== What the task requires ==
Would you please output all the records exactly as given? Pictures should not appear in the copy.

== Information shown ==
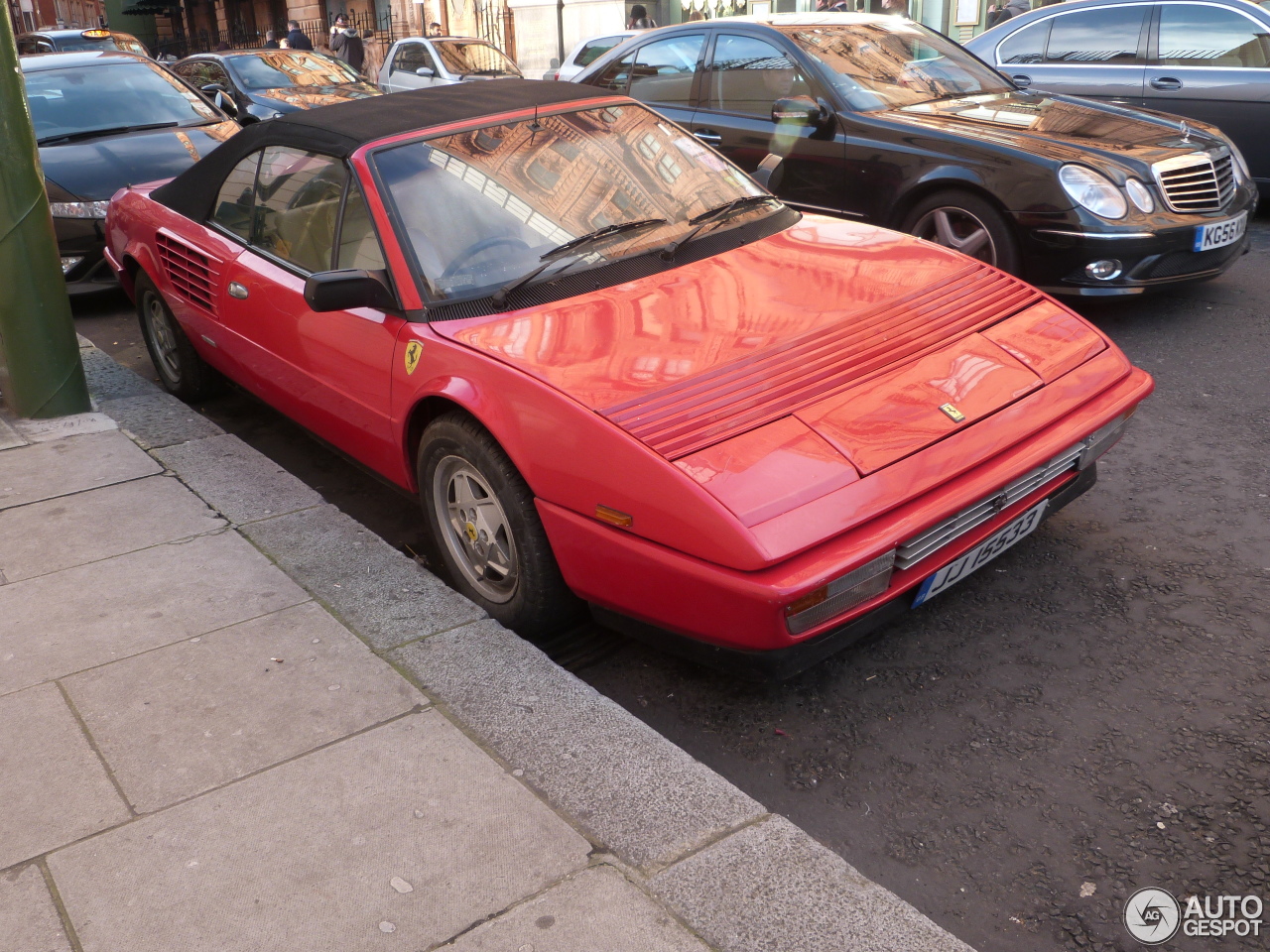 Ferrari Mondial 3.2 Cabriolet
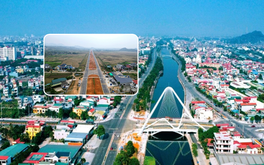 Tuyến đại lộ gần 2.000 tỷ lớn nhất TP tương lai của Việt Nam sắp hoàn thành, quy mô lớn hơn nhiều đoạn tuyến cao tốc Bắc - Nam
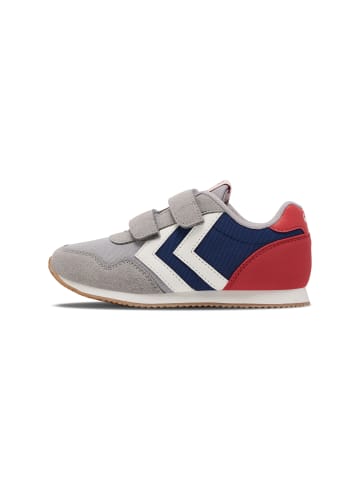 Hummel Hummel Klettverschluss Sneaker Reflex Double Kinder in NAVY PEONY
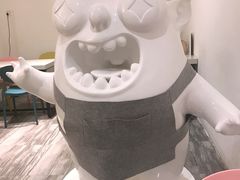 -茶力的小怪兽(梅林卓悦汇店)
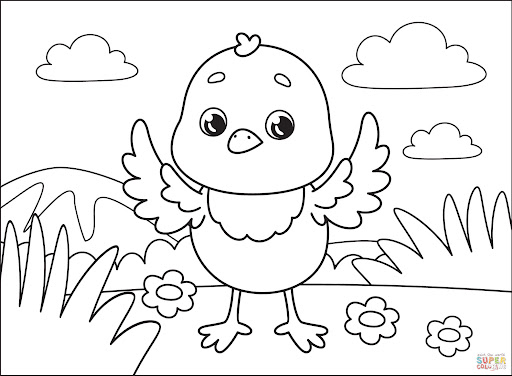 Hermosa Pollito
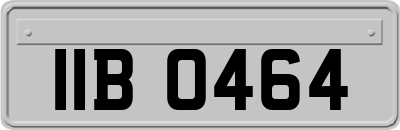 IIB0464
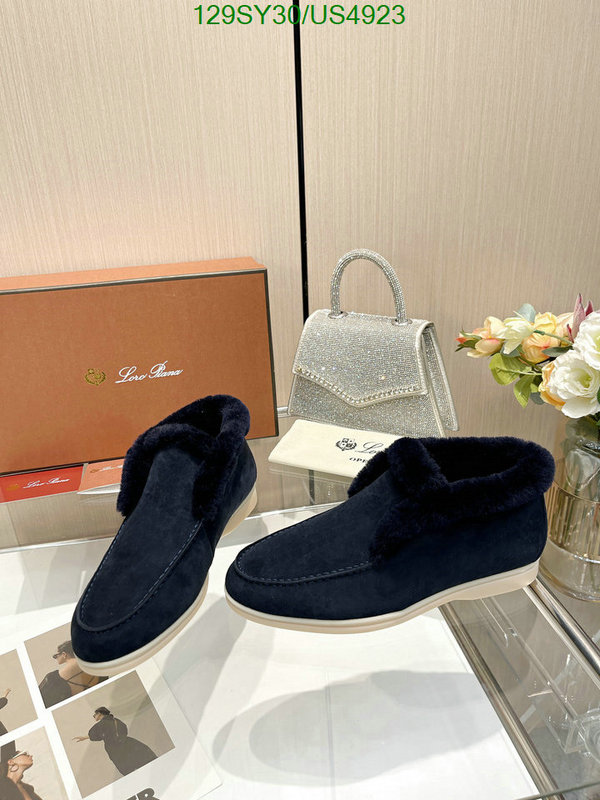 Women Shoes-Loro Piana Code: US4923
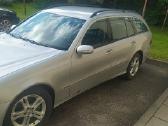 Mercedes-benz Avangarde E220 W211 2,2d 2003m - nuotraukos Nr. 2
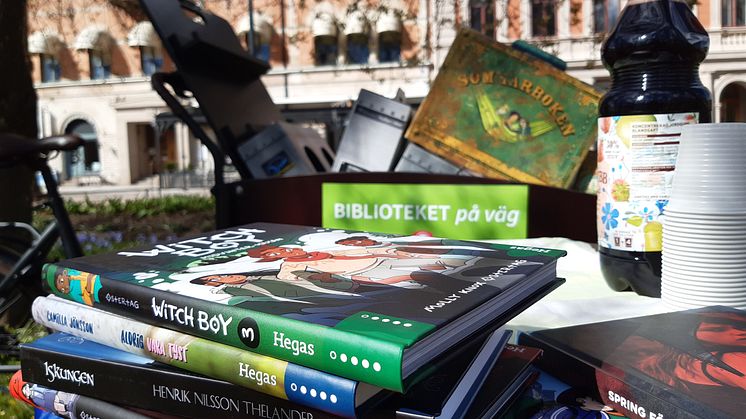 Skövde kommuns sommarlovsprogram
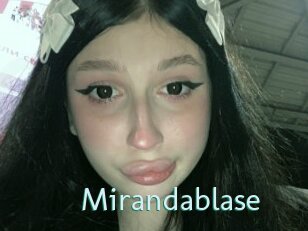 Mirandablase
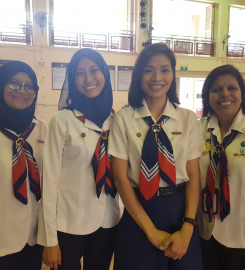 Girl Guides Singapore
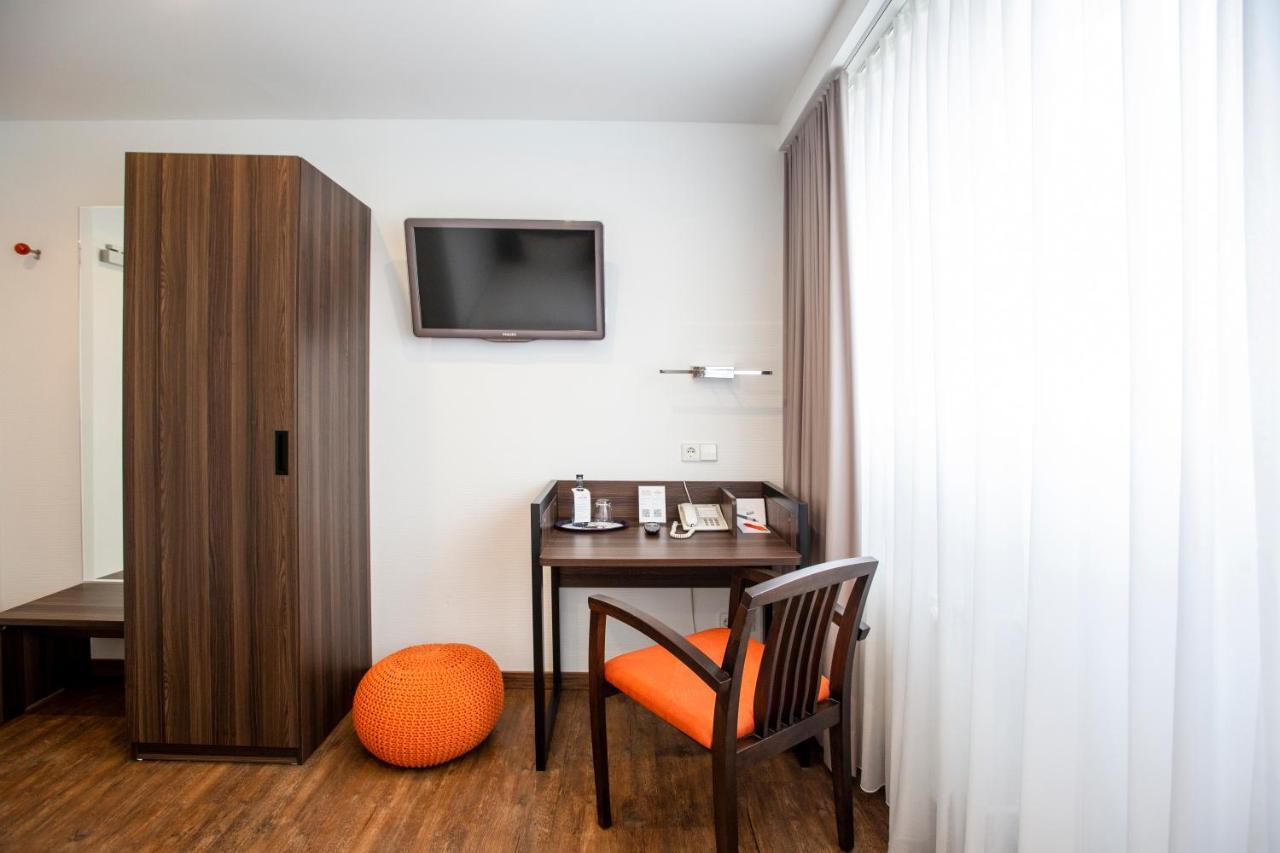 Sevendays Hotel Καρλσρούη Εξωτερικό φωτογραφία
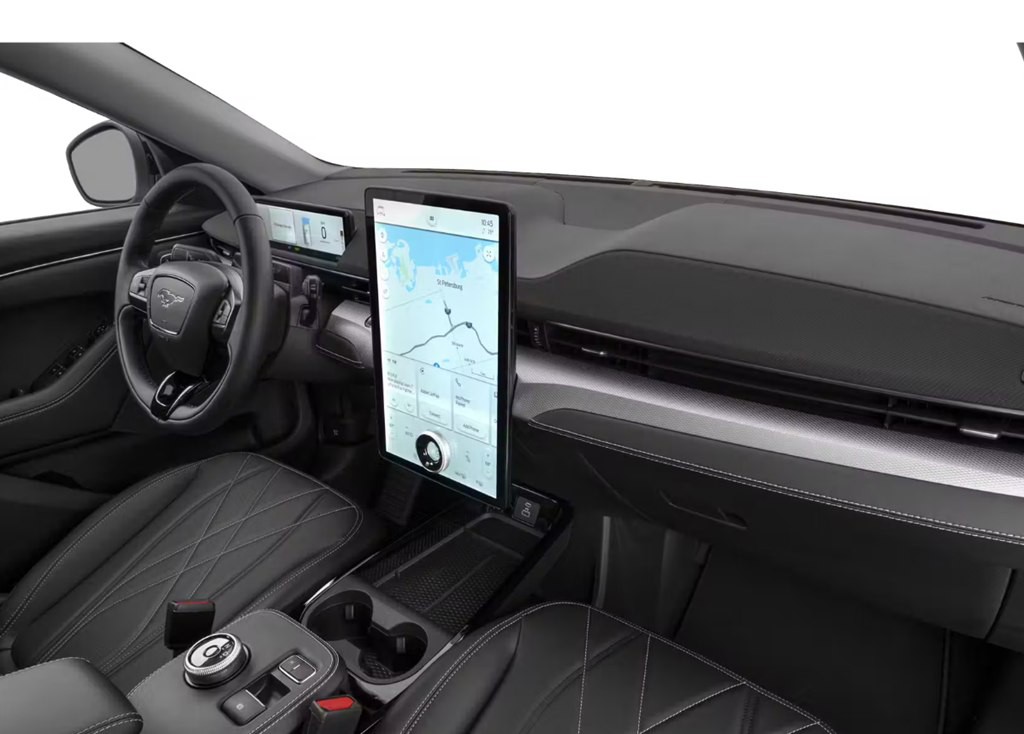 2021 Ford Mustang Image 6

== Exercise output ==
 Ferrari Mondial 3.2 Cabriolet
 Tuyến đại lộ gần 2.000 tỷ lớn nhất TP tương lai của Việt Nam sắp hoàn thành, quy mô lớn hơn nhiều đoạn tuyến cao tốc Bắc - Nam
 Hummel Hummel Klettverschluss Sneaker Reflex Double Kinder in NAVY PEONY
 -茶力的小怪兽(梅林卓悦汇店)
 Hermosa Pollito
 IIB0464
 Women Shoes-Loro Piana Code: US4923
 Mercedes-benz Avangarde E220 W211 2,2d 2003m - nuotraukos Nr. 2
 Skövde kommuns sommarlovsprogram
 Mirandablase
 Girl Guides Singapore
 Sevendays Hotel Καρλσρούη Εξωτερικό φωτογραφία
 2021 Ford Mustang Image 6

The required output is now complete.